[Machine Learning] Summary of Loss Function (2023 latest finishing) Keywords: Logistic, Hinge, Exponential, Modified Huber, Softmax, L1, L2 regularization

Table of contents

1. Definition

2. Loss function

    1. Regression loss function

        1.1 quadratic loss function

        1.2 Absolute (value) loss function (absolute loss function)

        1.3 Logarithmic loss function (logarithmic loss function)

        1.4 Huber loss (huber loss) 

        1.5 Image Comparison - Advantages and Disadvantages

    2. Classification loss function

        2.1 0-1 loss function (0-1 loss function)

        2.2 Logarithmic likelihood loss function (Logistic loss)

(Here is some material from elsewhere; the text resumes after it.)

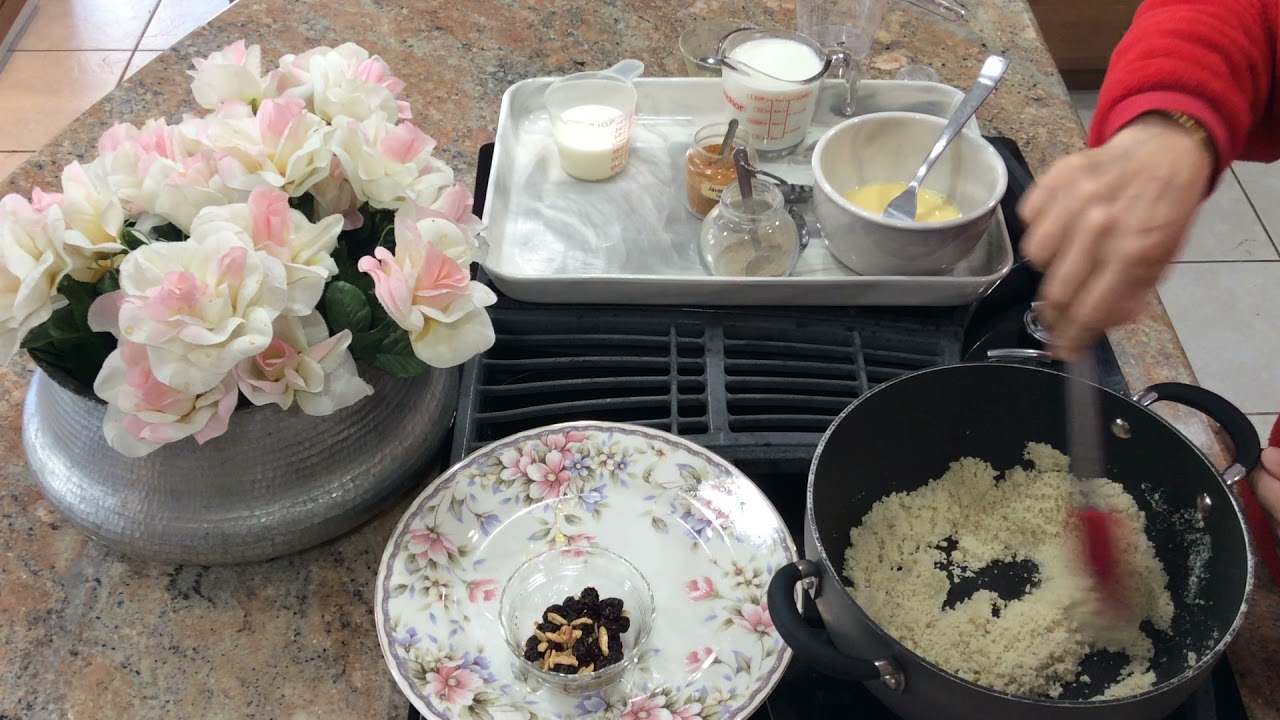 Parsi Ravo with egg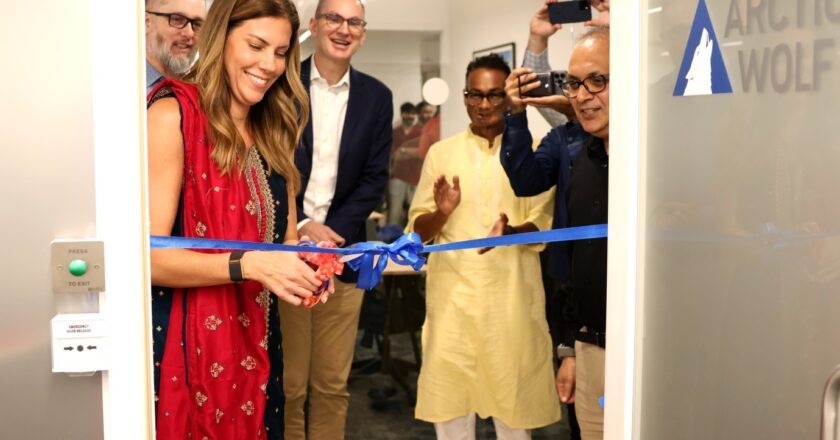 Cybersecurity Leader Arctic Wolf Opens First India Office in Bengaluru to Accelerate its Platform innovations 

        2.3 Hinge loss function (Hinge loss)

        2.4 Exponential loss function (Exponential loss)

        2.5 Modified Huber loss function (Modified Huber loss)

        2.6 Softmax loss (Softmax loss)

        2.7 Image Comparison - Advantages and Disadvantages

    3. Regularization

        3.1 Definition

        3.2 L1 and L2 regularization

        3.3 Solving

        3.4 Understanding regularization from multiple perspectives

1. Definition

Loss function (Loss Function) : It is defined on a single sample , refers to the error of a sample, and measures the quality of a prediction of the model .
Cost Function (Cost Function) = Cost Function = Experience Risk : It is defined on the entire training set, and is the average of all sample errors , that is, the average of all loss function values , and measures the quality of the model prediction in the average sense.
Objective function (Object Function) = structural risk = empirical risk + regularization term = cost function + regularization term : refers to the function that needs to be optimized in the end, and generally refers to structural risk. Regularizer = penalty term.

2. Loss function

    1. Regression loss function

        1.1 quadratic loss function

        It is the single sample loss of MSE, also known as squared loss (squared loss), which refers to the square of the difference between the predicted value and the actual value. Sometimes for the convenience of derivation, a 1/2 is multiplied in front.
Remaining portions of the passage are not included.